Kitty threw down the cap she had in her hand and flew to her. She tenderly embraced the poor, weak form, wisely suppressing the tears that were ready to flow at sight of her sister's emaciated face.
Flora bit her lip. "Our youngest" had not only gained dignity of appearance, but her clear eyes and outspoken tongue gave token also of a courageous independence of thought and of speech that might possibly be inconvenient at times. She was aware of a sudden foreboding that with the advent of this vigorous girl a shadow was to fall upon her path. She hastily took off her hat and passed her fingers through the curls that had been flattened against her temples. "Did you really bring that poetic traveller's-bundle all the way from Dresden?" she asked, drily, with a glance at the knotted handkerchief hanging upon Kitty's arm.
The girl untied it and held out the dove to Henriette. "This little patient belongs to you," she said. "The poor thing has been shot in the wing. It fell upon the pavement in the mill-yard."
This betrayed her visit to the mill, but Frau von Urach did not appear to have heard her last words; she pointed indignantly to the wounded bird, and said to the councillor, in a tone of reproach, "That is the fourth, Moritz."
"And my pet besides, my little Silver-crest!" exclaimed Henriette, brushing away a tear of grief and vexation.
The councillor was quite pale with anger and dismay. "Dear grandmamma, I pray you do not blame me!" he cried, almost with violence. "I do my very best to trace these abominable outrages to their source, and to prevent them, but their perpetrators are concealed in the ranks of two hundred angry men,"—he shrugged his shoulders,—"and there is nothing to be done. Therefore I have repeatedly entreated Henriette to confine her doves until the excitement is over."
"Then it is we who are to submit? Better and better," said the old lady, satirically; and, as she spoke, she loosened and adjusted the cloud of lace about her face and throat, as if her agitation made her insufferably warm. "Can you not see, Moritz, that such compliance fairly challenges insolence? They will soon tire of permitted dove-shooting, and aim at some nobler game."
"Why dress the matter in such phrases, grandmamma? They themselves do not scruple to speak plainly," Flora remarked, carelessly. "My maid found another threatening letter on the window-sill when she opened the shutters this morning. She was forced to pick up the dirty scrap of paper with the tongs to let me read it, and it is now in her room, in case you wish it preserved, Moritz.
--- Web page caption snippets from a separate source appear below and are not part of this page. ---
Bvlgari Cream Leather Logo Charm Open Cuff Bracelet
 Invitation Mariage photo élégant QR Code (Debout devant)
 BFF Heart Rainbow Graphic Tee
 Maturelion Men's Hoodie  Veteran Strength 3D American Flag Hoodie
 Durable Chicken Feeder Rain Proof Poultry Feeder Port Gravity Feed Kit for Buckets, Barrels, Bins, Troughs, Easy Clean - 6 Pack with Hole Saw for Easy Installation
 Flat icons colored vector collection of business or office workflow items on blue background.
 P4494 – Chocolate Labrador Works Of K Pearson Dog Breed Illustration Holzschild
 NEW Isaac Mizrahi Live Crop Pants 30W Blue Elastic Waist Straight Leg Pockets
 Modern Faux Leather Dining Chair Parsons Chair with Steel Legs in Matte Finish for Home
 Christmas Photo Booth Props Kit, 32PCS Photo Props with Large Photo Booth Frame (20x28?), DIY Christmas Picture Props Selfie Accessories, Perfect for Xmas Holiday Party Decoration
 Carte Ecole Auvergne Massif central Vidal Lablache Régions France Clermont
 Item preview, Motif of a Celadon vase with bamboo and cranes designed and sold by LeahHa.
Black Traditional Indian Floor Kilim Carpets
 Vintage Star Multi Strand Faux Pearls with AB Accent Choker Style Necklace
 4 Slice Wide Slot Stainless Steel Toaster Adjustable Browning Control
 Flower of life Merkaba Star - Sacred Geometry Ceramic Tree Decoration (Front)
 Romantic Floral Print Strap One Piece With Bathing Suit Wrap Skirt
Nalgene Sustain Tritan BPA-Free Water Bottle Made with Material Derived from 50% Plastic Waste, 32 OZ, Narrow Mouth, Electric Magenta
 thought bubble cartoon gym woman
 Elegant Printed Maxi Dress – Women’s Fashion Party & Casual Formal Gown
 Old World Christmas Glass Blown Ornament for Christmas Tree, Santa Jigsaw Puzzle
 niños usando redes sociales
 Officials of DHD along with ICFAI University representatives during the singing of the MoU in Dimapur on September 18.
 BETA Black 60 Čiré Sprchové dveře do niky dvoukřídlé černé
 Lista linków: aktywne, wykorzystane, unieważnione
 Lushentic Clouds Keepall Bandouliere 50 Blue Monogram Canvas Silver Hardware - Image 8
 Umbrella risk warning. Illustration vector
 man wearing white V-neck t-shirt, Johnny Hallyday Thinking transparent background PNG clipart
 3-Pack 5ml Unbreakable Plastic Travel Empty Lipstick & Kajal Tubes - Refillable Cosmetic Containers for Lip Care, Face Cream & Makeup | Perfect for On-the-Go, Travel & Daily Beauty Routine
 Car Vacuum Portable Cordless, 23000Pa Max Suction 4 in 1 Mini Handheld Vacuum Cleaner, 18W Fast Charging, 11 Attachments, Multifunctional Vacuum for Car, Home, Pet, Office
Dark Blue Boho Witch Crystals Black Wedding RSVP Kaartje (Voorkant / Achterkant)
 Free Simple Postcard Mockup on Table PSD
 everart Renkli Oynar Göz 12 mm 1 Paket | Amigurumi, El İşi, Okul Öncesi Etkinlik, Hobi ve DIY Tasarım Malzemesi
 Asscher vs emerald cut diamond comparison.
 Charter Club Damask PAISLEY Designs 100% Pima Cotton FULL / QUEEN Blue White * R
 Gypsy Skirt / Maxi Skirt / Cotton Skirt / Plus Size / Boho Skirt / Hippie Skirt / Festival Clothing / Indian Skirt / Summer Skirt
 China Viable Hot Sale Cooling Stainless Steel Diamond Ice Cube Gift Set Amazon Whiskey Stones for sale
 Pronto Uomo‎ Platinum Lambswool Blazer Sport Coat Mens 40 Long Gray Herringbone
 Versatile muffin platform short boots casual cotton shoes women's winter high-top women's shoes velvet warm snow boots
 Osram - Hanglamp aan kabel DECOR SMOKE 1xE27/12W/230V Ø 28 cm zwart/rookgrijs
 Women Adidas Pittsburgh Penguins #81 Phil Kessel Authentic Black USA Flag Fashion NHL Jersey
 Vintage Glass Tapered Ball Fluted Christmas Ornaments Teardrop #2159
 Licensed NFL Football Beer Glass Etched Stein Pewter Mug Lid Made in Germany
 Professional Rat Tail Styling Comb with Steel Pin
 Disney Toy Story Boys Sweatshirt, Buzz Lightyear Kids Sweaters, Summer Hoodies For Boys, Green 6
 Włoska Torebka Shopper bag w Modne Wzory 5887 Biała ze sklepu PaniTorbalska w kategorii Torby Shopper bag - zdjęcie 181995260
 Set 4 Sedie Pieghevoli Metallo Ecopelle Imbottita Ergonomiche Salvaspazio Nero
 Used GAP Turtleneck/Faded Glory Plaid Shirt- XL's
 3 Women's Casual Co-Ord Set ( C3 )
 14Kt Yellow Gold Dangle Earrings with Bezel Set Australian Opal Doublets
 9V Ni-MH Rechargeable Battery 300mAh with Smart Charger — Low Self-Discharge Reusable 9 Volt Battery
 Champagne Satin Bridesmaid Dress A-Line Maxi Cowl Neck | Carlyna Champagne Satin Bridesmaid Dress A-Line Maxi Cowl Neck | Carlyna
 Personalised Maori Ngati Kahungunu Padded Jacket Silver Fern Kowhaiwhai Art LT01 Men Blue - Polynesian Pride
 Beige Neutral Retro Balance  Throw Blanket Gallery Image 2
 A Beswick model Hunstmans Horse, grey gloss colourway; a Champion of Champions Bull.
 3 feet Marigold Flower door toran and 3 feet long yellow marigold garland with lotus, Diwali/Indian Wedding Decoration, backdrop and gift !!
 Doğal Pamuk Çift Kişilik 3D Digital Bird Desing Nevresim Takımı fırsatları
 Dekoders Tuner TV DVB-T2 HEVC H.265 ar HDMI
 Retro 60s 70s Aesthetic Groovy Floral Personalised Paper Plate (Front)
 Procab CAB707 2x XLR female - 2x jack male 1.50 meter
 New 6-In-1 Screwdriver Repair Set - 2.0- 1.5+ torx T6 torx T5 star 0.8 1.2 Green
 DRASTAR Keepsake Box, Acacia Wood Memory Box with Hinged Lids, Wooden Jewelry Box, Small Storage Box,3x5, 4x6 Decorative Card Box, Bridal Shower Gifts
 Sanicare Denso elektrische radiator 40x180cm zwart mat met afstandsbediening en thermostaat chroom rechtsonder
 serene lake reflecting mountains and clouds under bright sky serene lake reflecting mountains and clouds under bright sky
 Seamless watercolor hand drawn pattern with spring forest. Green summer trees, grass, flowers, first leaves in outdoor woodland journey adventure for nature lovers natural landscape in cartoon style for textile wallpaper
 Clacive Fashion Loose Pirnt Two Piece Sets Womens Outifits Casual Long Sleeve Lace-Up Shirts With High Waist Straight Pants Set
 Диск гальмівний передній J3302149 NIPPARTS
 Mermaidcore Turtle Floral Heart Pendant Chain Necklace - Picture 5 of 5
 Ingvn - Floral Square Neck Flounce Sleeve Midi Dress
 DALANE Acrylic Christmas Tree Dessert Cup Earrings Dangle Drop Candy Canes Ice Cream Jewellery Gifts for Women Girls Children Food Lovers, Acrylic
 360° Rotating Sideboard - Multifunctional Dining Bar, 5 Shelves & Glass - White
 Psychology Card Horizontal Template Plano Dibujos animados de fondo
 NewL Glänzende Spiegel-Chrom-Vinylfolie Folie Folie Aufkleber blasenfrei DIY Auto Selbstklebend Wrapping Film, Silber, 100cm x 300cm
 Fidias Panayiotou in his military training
Of course it contains nothing new,—the same old story! I should really like to know why these men honour me so especially with their hatred of a class."
Kitty could not help thinking that in this case the hatred was not so much of a class as of an individual. She could easily understand how this queenly figure, apparelled in rich garments, with scornful lines about her mouth and a masculine address, might well be held responsible by outsiders for all that emanated from the house.
"Their low attacks are all the more ridiculous, since I am particularly interested in the social question," Flora continued, with a short laugh, "and I have given to the world several telling articles in favour of the working-classes."